■ What needs to be done: Exactly and only the lines below from the one containing "Servante à 3" down to the one containing "Photo 3 VIN: 2T1LE40E69C005921" are wanted, both included; please exclude every picture.

■ Available data:
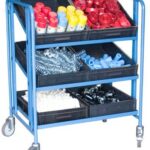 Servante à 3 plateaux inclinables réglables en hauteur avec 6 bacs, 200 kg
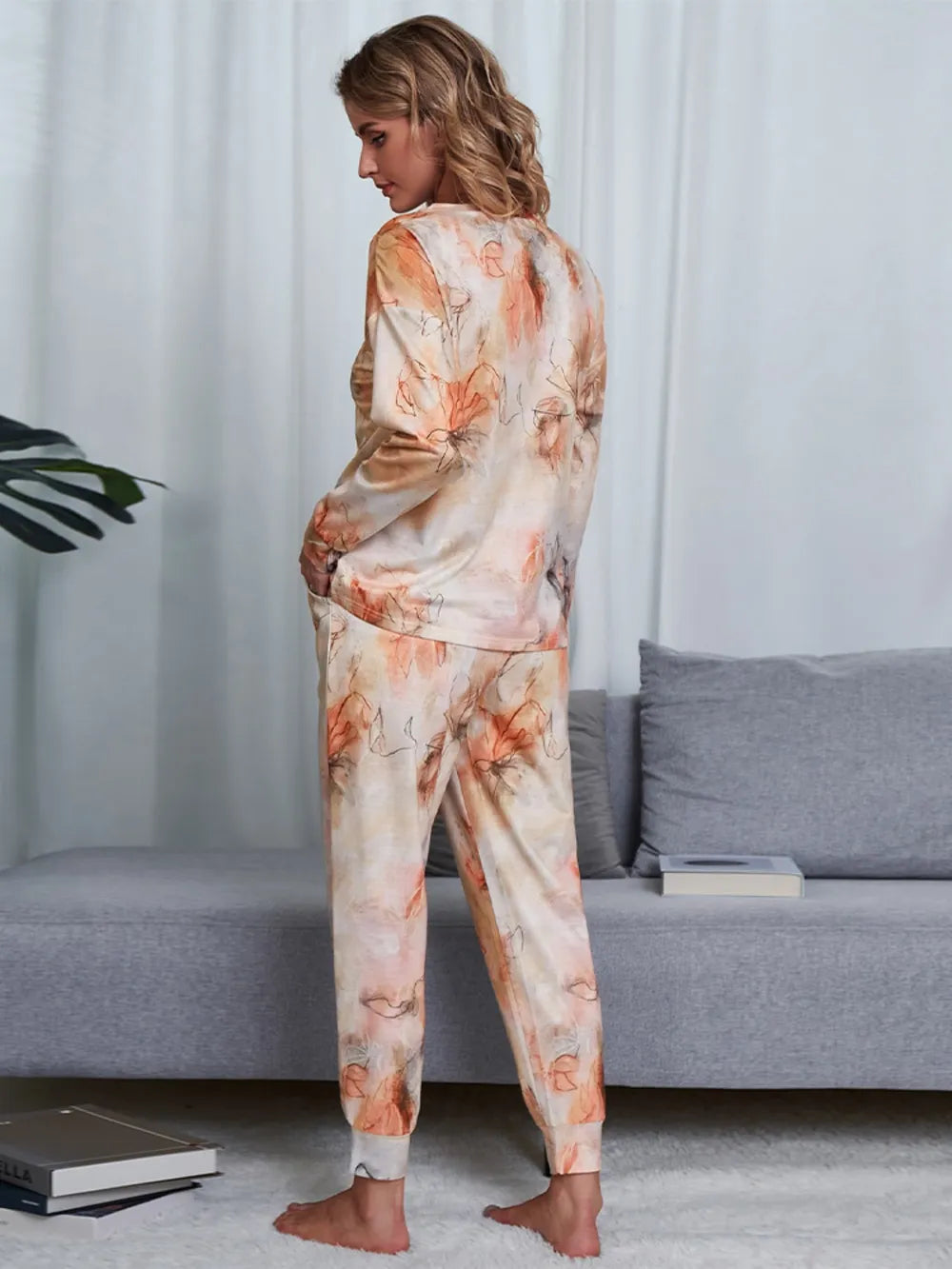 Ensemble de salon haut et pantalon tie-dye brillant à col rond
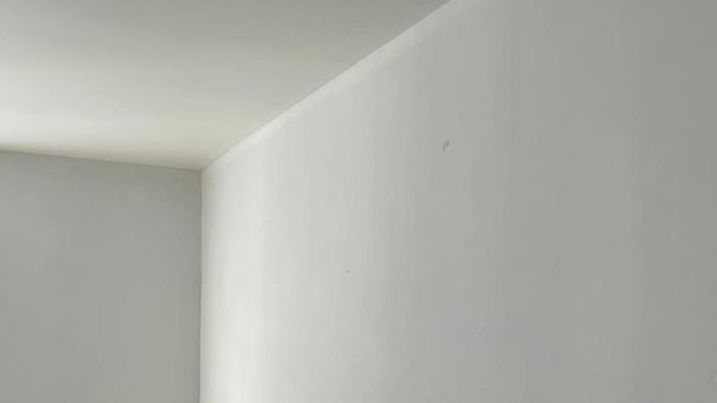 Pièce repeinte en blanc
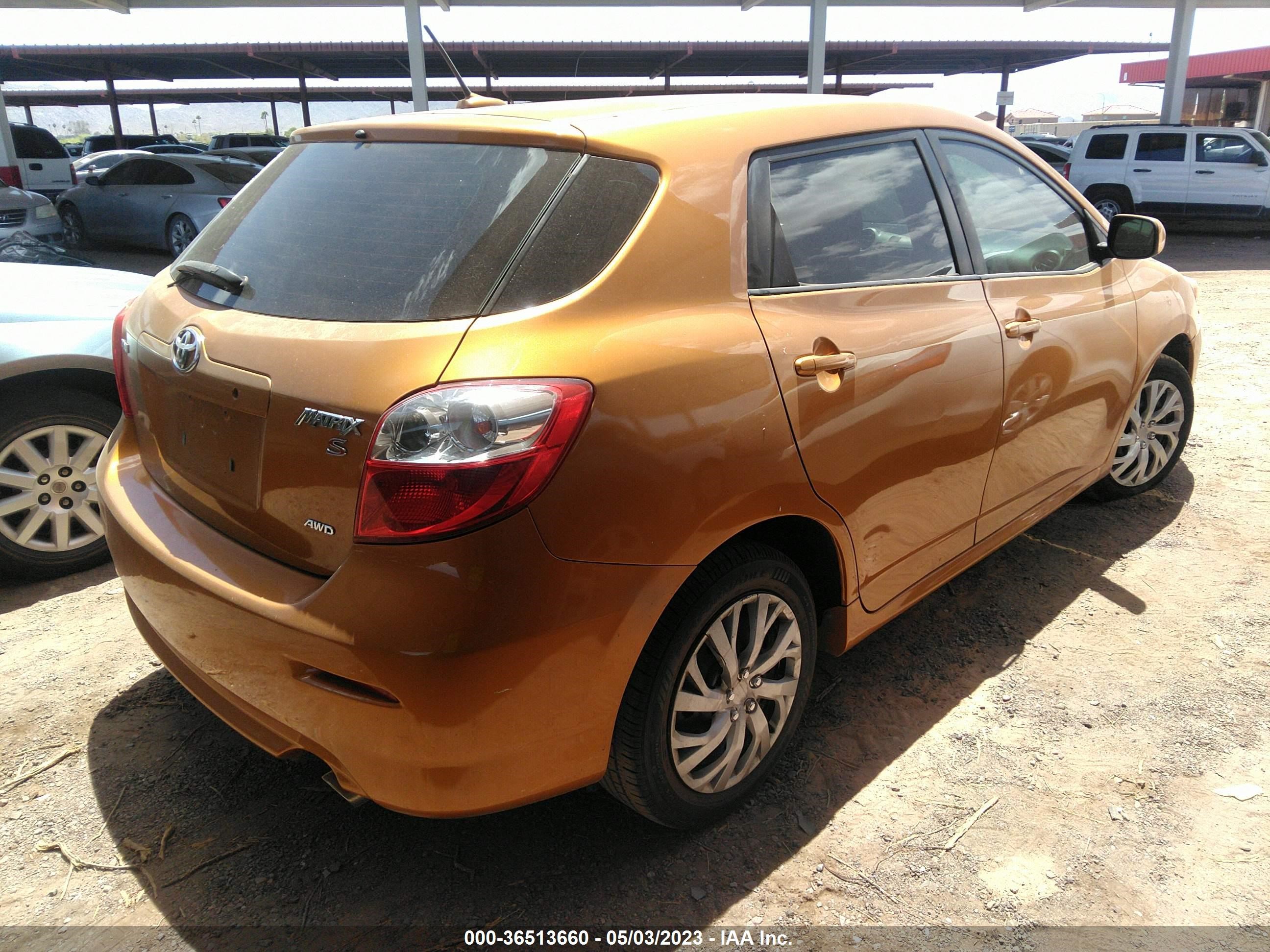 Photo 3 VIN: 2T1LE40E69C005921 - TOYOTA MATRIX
...
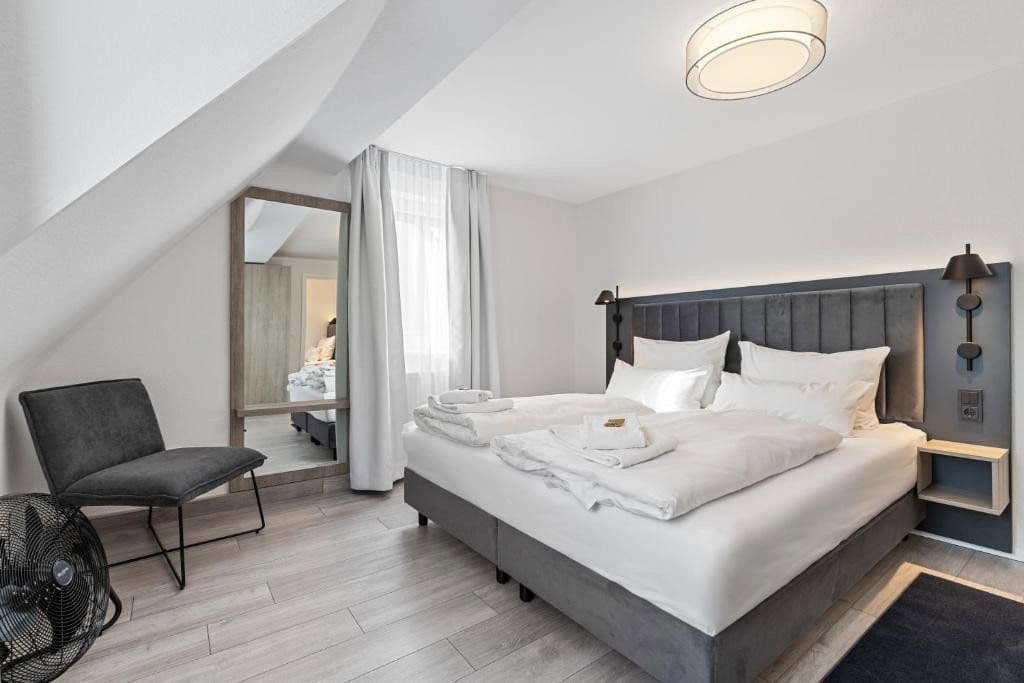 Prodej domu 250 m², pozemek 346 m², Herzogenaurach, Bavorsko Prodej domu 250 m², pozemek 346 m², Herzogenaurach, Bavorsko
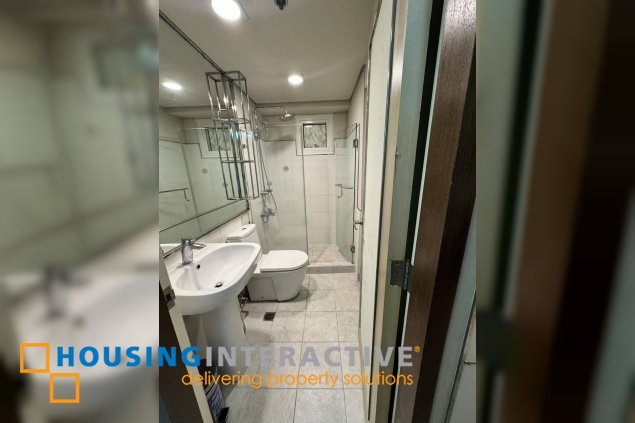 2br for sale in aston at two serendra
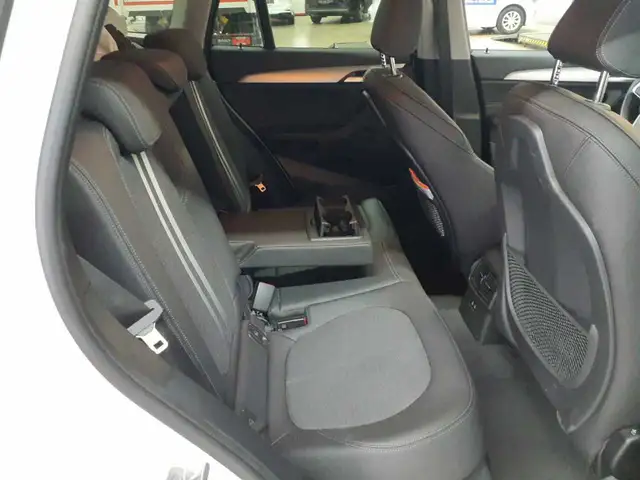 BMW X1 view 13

■ Answer area:
 Servante à 3 plateaux inclinables réglables en hauteur avec 6 bacs, 200 kg
 Ensemble de salon haut et pantalon tie-dye brillant à col rond
 Pièce repeinte en blanc
 Photo 3 VIN: 2T1LE40E69C005921 - TOYOTA MATRIX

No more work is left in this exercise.